» What you have to do:
Would you please return the lines of the material that contain the word "estende"?

» Source information:

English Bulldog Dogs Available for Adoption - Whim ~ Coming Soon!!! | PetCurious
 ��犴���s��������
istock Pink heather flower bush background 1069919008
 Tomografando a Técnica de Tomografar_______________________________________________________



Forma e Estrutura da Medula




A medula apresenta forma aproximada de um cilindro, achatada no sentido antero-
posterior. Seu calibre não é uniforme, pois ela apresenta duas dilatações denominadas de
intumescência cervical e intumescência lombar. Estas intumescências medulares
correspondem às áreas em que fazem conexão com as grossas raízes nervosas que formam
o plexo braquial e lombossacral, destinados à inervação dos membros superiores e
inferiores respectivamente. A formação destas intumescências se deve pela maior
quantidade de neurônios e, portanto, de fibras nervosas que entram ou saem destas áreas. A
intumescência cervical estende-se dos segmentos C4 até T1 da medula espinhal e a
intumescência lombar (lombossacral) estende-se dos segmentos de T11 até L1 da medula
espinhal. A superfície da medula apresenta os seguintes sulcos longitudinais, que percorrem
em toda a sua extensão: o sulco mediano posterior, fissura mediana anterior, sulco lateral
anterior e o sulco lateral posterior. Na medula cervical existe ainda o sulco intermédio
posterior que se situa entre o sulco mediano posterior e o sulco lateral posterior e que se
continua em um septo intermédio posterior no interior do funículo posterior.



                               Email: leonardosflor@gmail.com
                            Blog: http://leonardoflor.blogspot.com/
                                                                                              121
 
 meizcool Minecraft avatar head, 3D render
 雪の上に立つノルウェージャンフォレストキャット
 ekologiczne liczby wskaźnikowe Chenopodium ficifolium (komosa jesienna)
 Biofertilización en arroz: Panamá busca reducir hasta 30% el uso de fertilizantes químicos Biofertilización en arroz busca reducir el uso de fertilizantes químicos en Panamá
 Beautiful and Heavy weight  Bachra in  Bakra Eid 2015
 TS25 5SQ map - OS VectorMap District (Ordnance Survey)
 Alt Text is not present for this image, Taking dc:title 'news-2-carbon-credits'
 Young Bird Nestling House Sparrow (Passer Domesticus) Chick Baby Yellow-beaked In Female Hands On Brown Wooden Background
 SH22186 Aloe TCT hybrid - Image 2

» Response to the exercise:
intumescência cervical estende-se dos segmentos C4 até T1 da medula espinhal e a
intumescência lombar (lombossacral) estende-se dos segmentos de T11 até L1 da medula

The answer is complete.